BEGIN Exercise materials

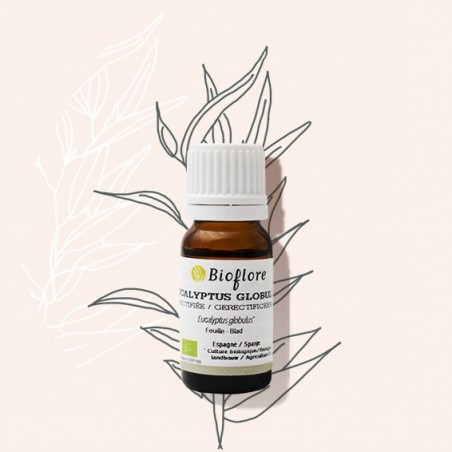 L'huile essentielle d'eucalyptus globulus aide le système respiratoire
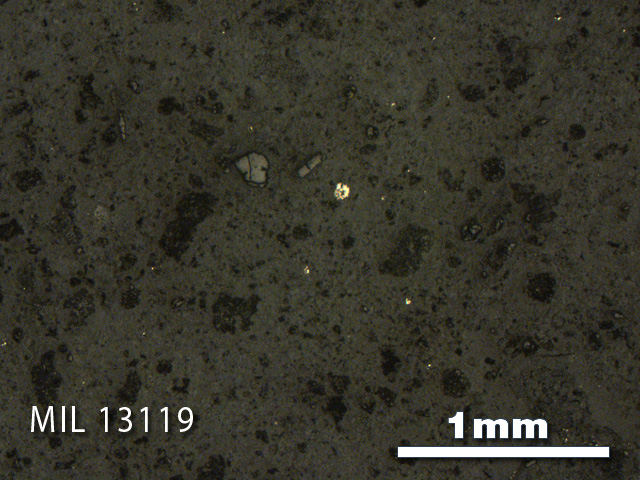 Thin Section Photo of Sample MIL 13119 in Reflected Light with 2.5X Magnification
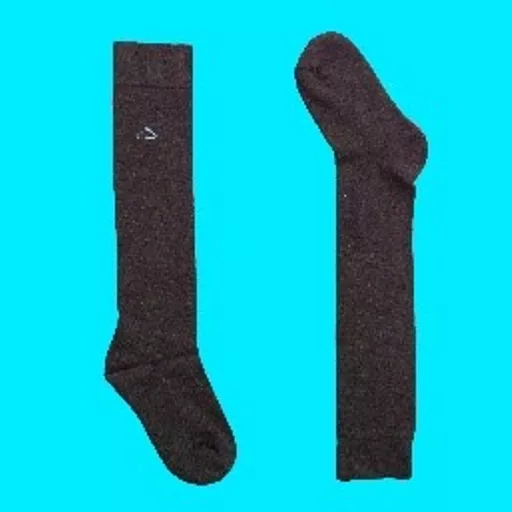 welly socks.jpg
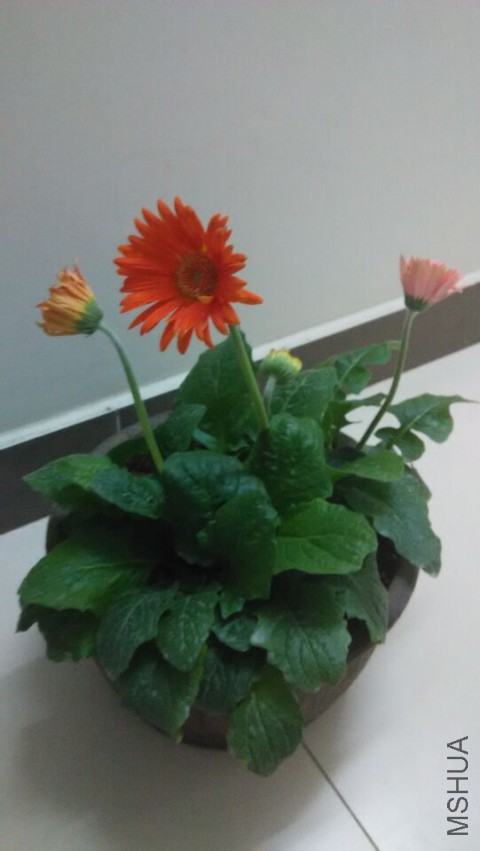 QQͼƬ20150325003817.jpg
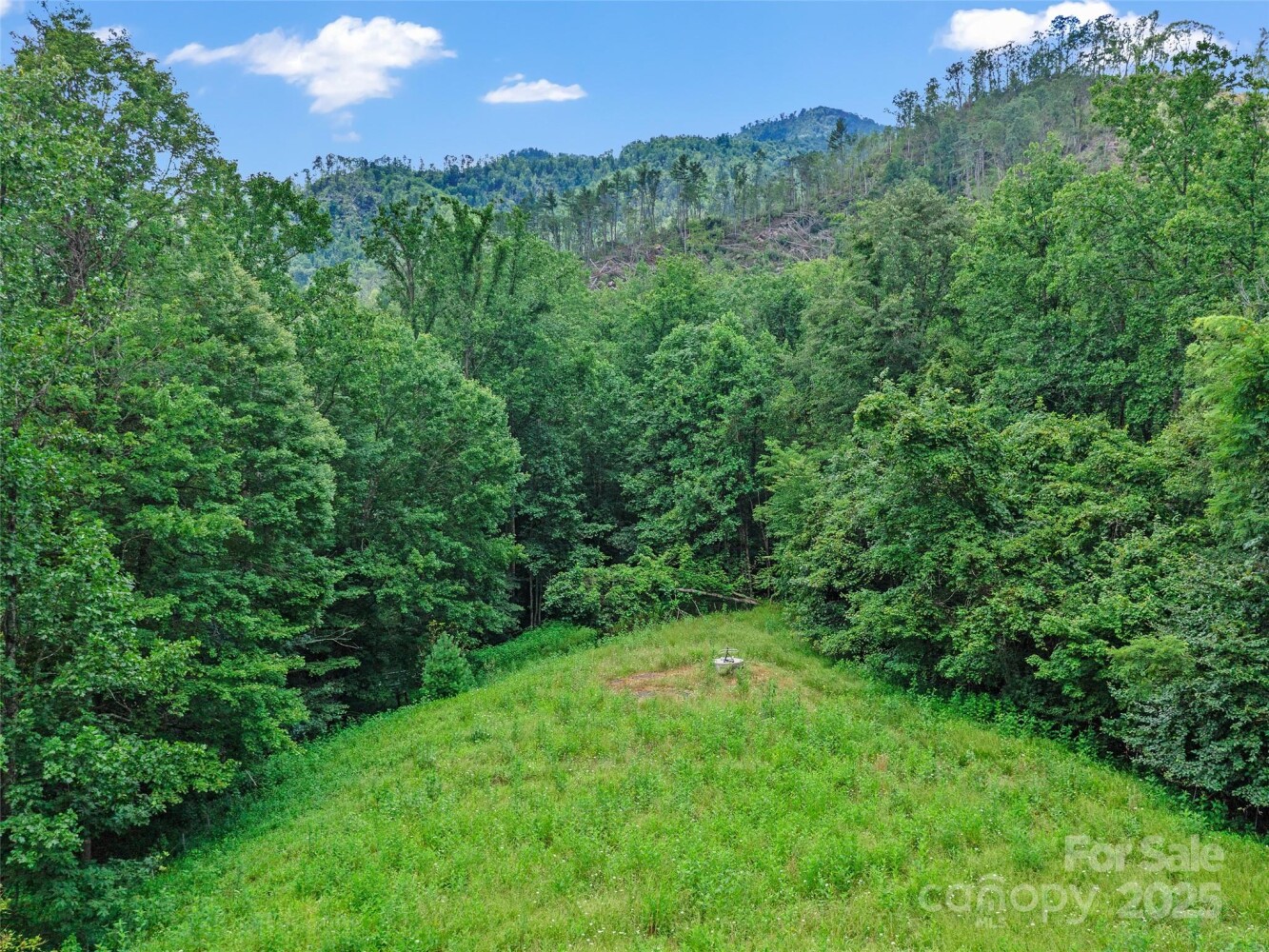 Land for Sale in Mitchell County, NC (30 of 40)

END Exercise materials
BEGIN Exercise materials

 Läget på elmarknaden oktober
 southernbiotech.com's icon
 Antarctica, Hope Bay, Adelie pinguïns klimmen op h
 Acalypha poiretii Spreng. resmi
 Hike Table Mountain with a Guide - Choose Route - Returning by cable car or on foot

END Exercise materials

Return exactly the stretch above whose first line contains "L'huile essentielle d'eucalyptus" and whose last line contains "Land for Sale", and nothing outside it. The pictures should not appear.

 L'huile essentielle d'eucalyptus globulus aide le système respiratoire
 Thin Section Photo of Sample MIL 13119 in Reflected Light with 2.5X Magnification
 welly socks.jpg
 QQͼƬ20150325003817.jpg
 Land for Sale in Mitchell County, NC (30 of 40)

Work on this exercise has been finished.